Dr. Michael Watson, one of the industry’s foremost experts on supply chain network design and advanced analytics, is a columnist and subject matter expert (SME) for Supply Chain Digest.
Dr. Watson, of Northwestern University, was the lead author of the just released book Supply Chain Network Design, co-authored with Sara Lewis, Peter Cacioppi, and Jay Jayaraman, all of IBM. (See Supply Chain Network Design – the Book.)
Prior to his current role at Northwestern, Watson was a key manager in IBM's network optimization group. In addition to his roles at IBM and now at Northwestern, Watson is director of The Optimization and Analytics Group.
By Dr. Michael Watson
May 7, 2013
Four Steps for Thinking About An Optimization Problem
Optimization Can Help you Get Value from your Supply Chain Data - Here’s How to Think About an Optimization Project
Dr. Watson Says:
These four steps will help lead you to better decisions, fewer surprises, and a more successful implementation.
As the amount of supply chain data continues to increase, there is a greater need to use that data to make better decisions. Optimization can help here—whether it is for better planning systems or to even react to new events.
In the previous post, we talked about a definition of optimization and how it can be used in many areas within your supply chain.
In this post, we want to cover the four steps for thinking about an optimization problem. Thinking about these four steps helps you make better decisions when running an optimization project. It will help lead you to better decisions, fewer surprises, and a more successful implementation.
Step 1: Determine the Decisions you Want to Make
The result of an optimization run is a decision you can take action on. For example, you want to determine where to locate a warehouse, you want to know the sequence to run jobs on your lines, or you want to know who should be scheduled to work each shift in the warehouse.
In this step, you want to determine what action the optimization engine should recommend.
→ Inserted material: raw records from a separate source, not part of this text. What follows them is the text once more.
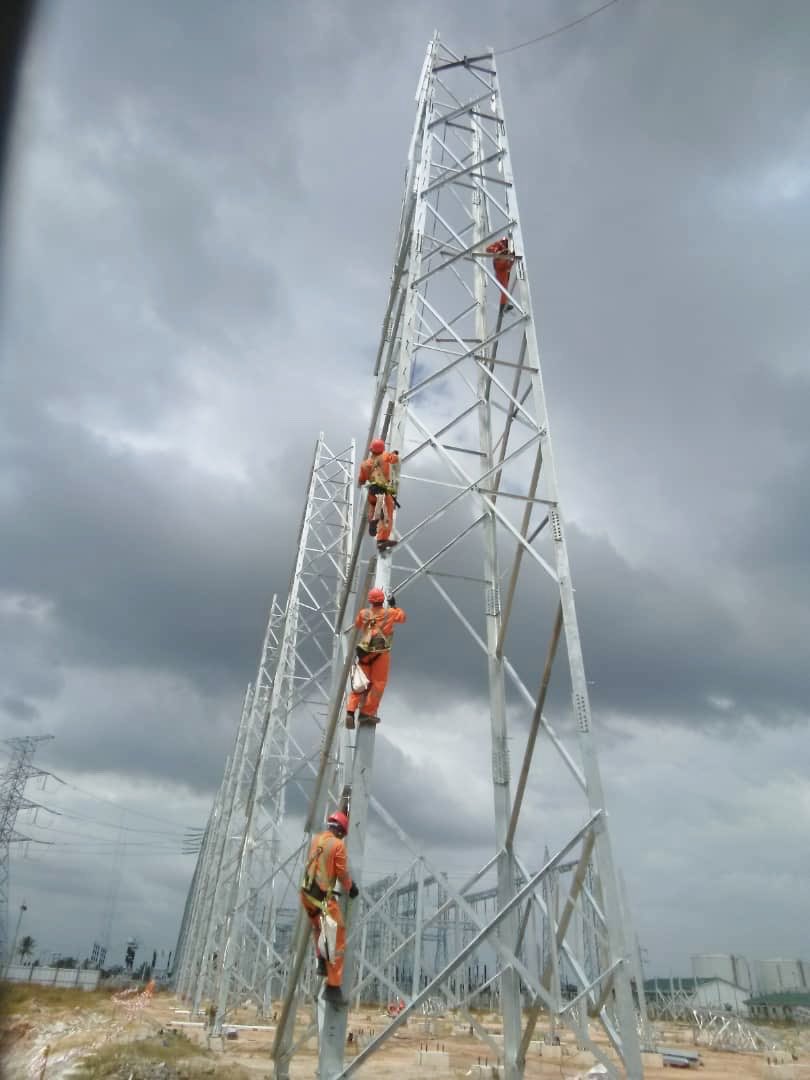 CSIEnergyGroup's tweet photo. This week our HSE team supervised a working at height training exercise covering tower climbing with an emphasis on double lanyard anchor hooking to maintain 3 points of contact
Location: 185MW Kinyerezi 1 Extension Project
#CSIEnergyGroup #SafetyCulture #HumansOfCSI https://t.co/oBAZtkrSqk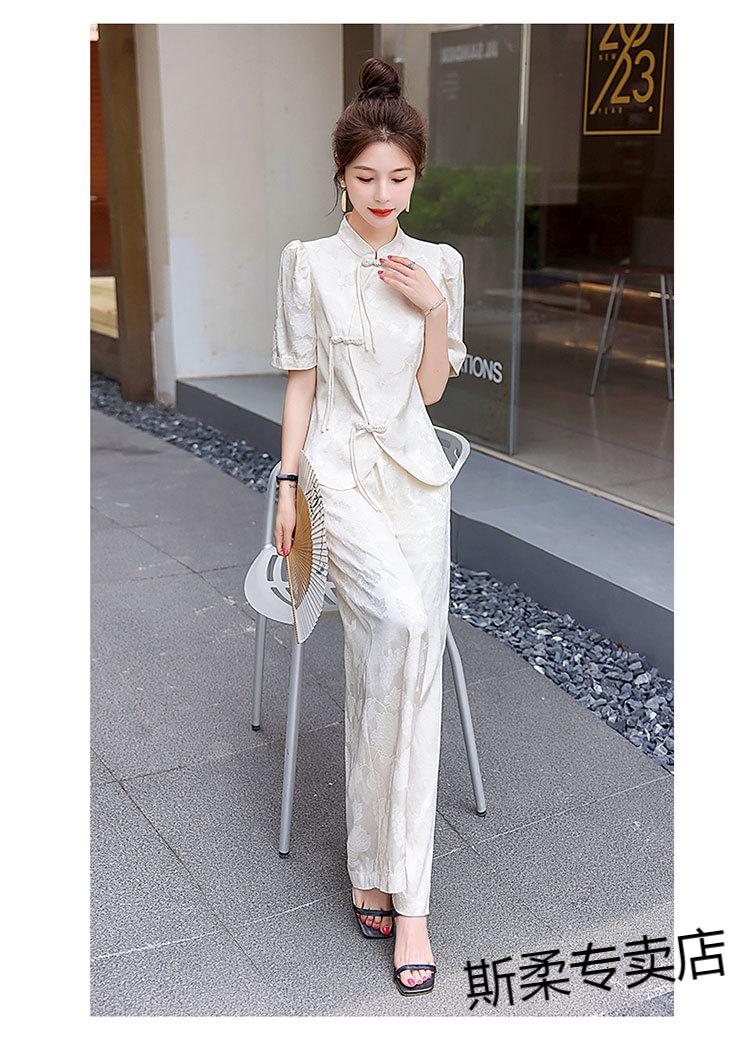 b414bcefb5b2d339.jpg' style=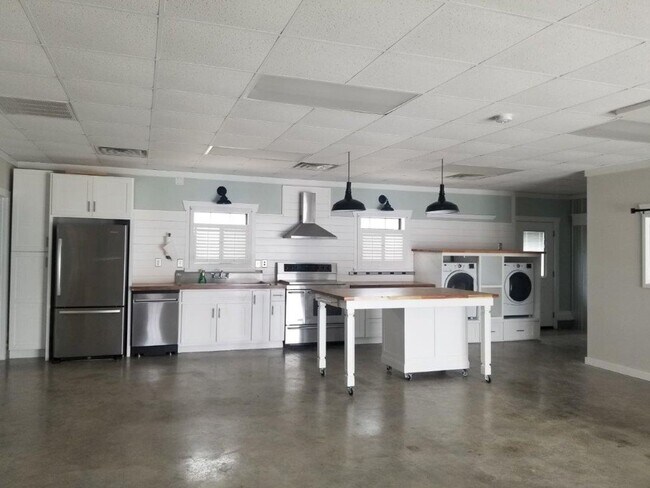 Foto del edificio - 6047-D Wayne Memorial Drive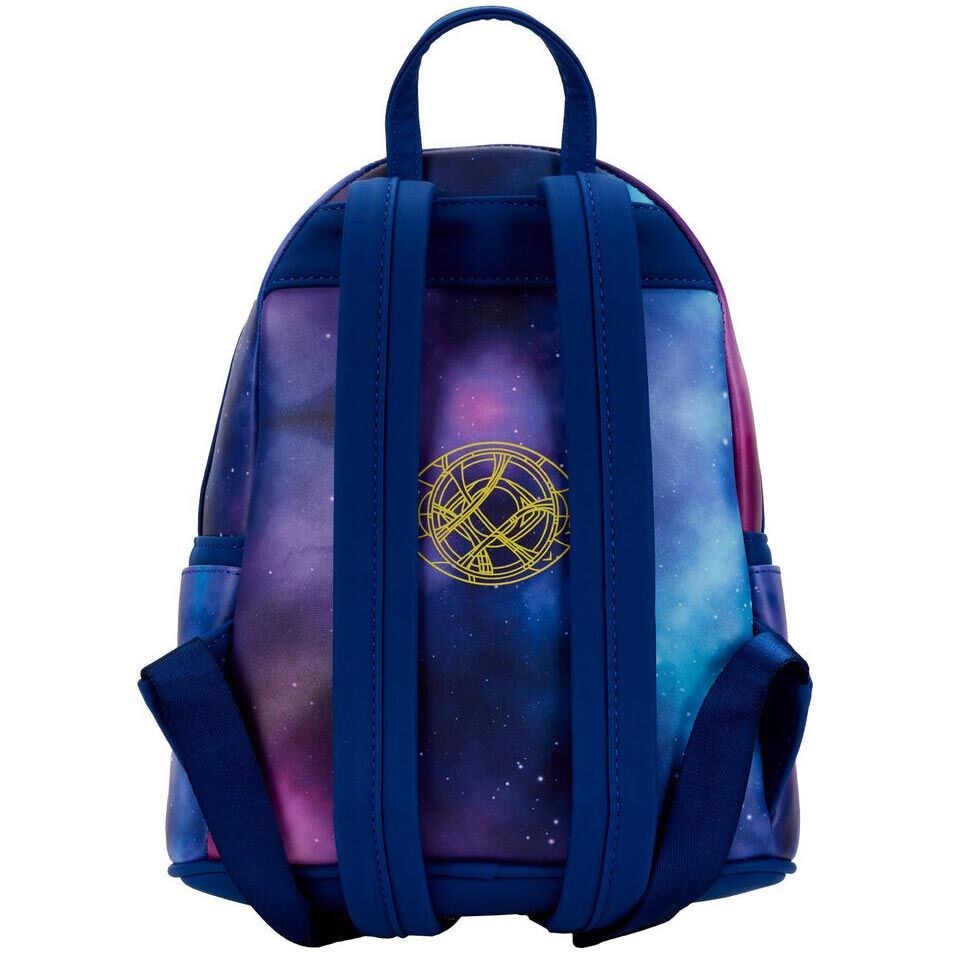 Sac à dos Loungefly Marvel porté en situation urbaine, mettant en valeur son style unique et compact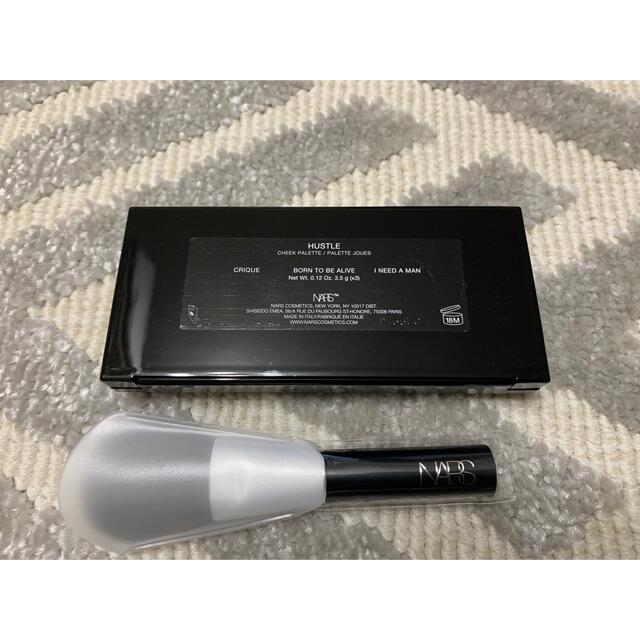 NARS(ナーズ)のNARS HUSTLE チークパレット&チークブラシセット  コスメ/美容のベースメイク/化粧品(チーク)の商品写真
Step 2: Quantify the Objective
In this step, you are quantifying how you will know if one solution is better than the other. That is, the first step gives you the action you should take, this step quantifies how one potential solution compares to another. It could be cost, it could be service, or any number of things. The main point of this step is that you do not want to be ambiguous. You want a formula to say how one solution compares to another.
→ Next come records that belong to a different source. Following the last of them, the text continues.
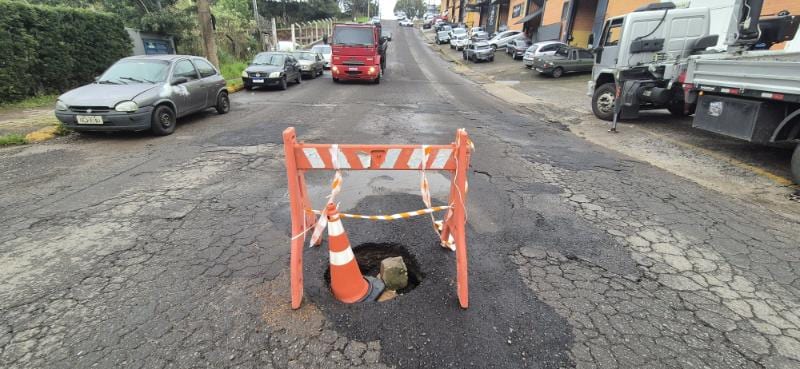 Obra de drenagem bloqueia Rua Nestor Carlos Fedrizzi em Caxias do Sul nesta quarta-feira (2)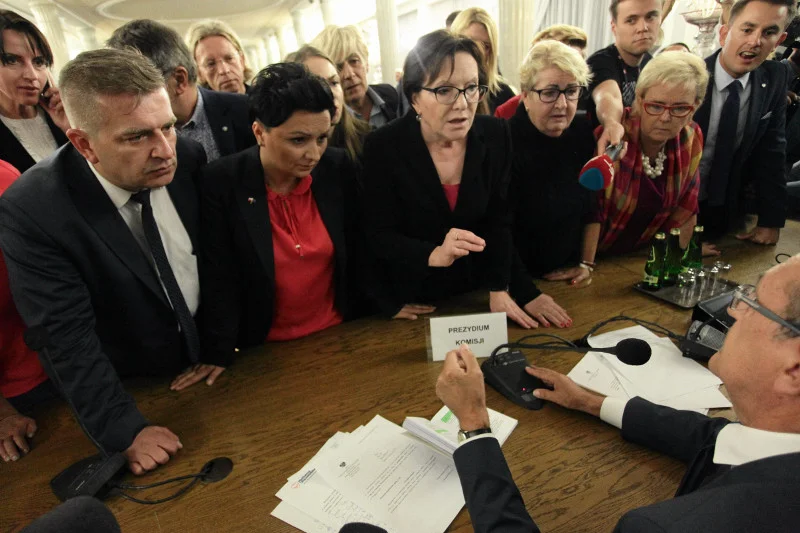 Awantura podczas posiedzenia sejmowej komisji sprawiedliwości. Pośród krzyków w głosowaniu zapadła decyzja o odrzuceniu projektu Ordo Iuris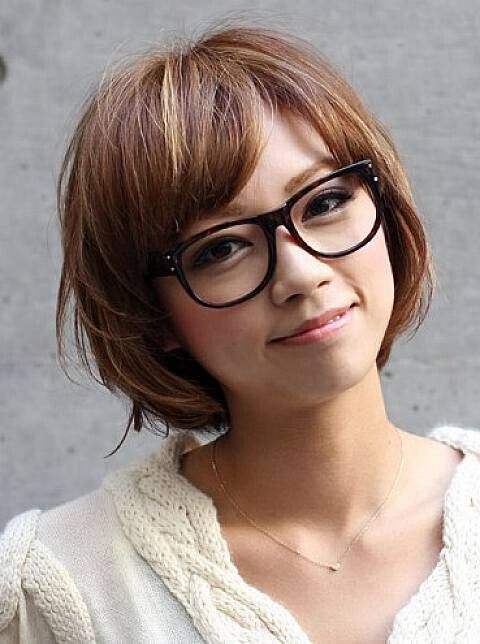 Nice hairstyle for girls with circular faces and glasses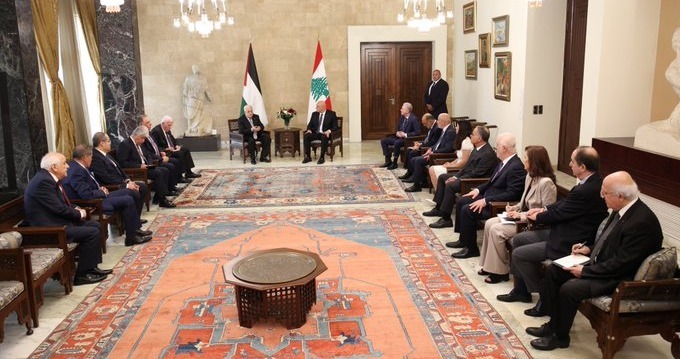 قمة مشتركة بين الرئيسين عون وعباس: تشكيل لجنة مشتركة لبنانية - فلسطينية لمتابعة أوضاع المخيمات الفلسطينية في لبنان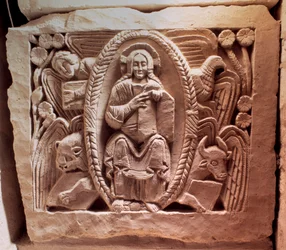 Merovejské umění: tetramorfní Kristus. Dolní reliéf hrobky Agilberta, pařížského biskupa, 7. století. Kamenný pohřební monument. Opatství Jouarre, Seine-et-Marne.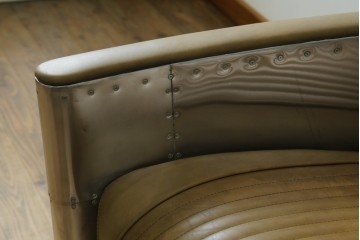 中古　美品　TIMOTHY OULTON(ティモシー・オルトン)　アビエイター トムキャットチェア　アルミパネルの意匠が際立つ1人掛けソファ　定価約57万円　(R-085580)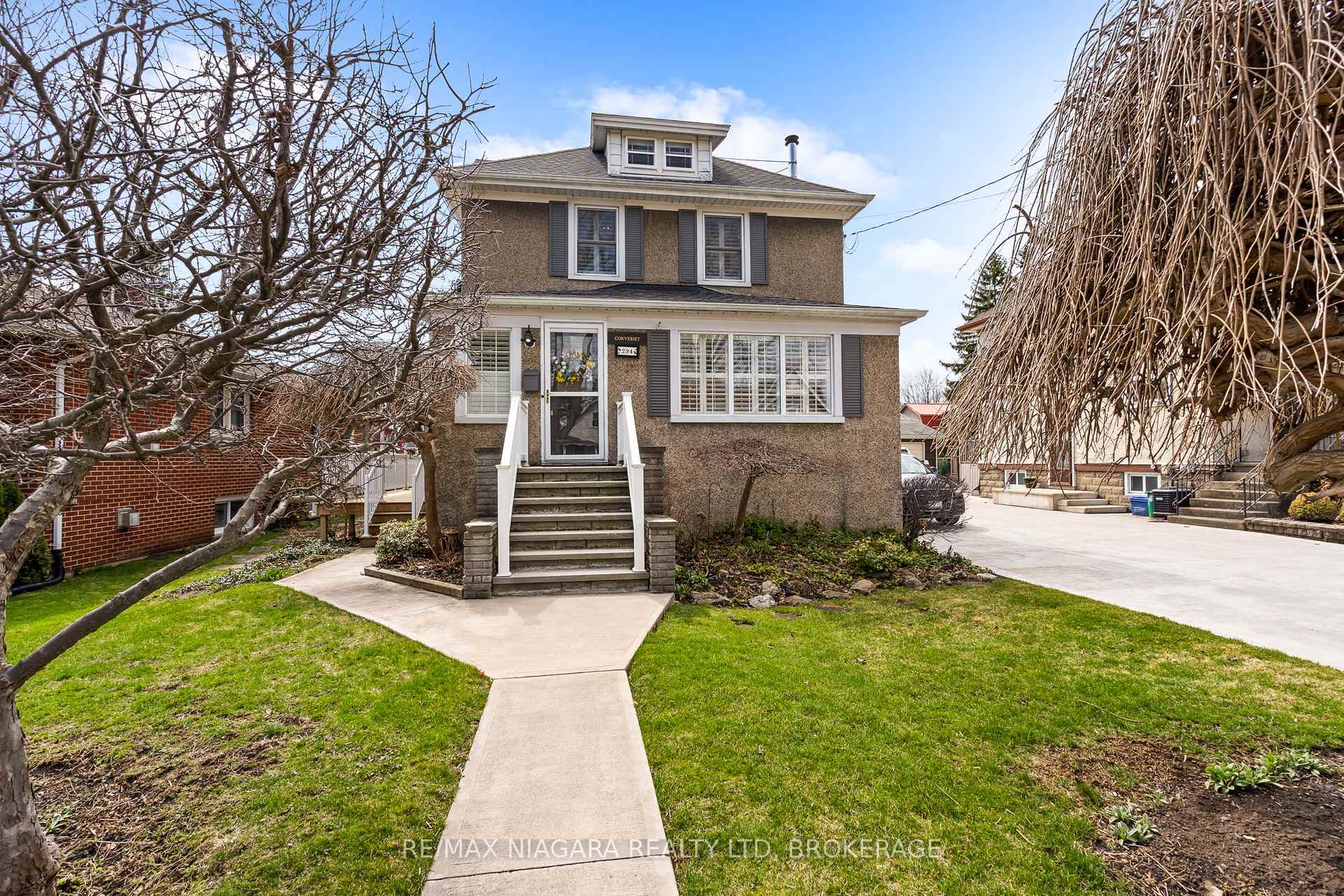 294 Stanley Street, Port Colborne, ON L3K 3A2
If we are evaluating two sequences for jobs running down the line, we might want to pick the one with the lowest cost. Or, we might want to pick the one with the least amount of set-up time.
Step 3: Determine the Constraints or Limits in the System
In this step, we are defining what makes legitimate solutions. For example, we may want to define a constraint that says we need to meet all customer demand. So, this is not a criteria for comparing solutions, but a requirement for any solution.
Step 4: Understand the Data Available
With an optimization project, you need to keep an eye on the data requirements. Either you need to gather data that you do not yet have or you need to revise earlier steps if some data will not be available.
Final Thoughts
You definitively need to iterate through the steps—decisions at one step can impact another. And, it will be tempting to do multiple steps simultaneously. But, without this framework, it can be very difficult to keep track of the different aspects of the optimization project.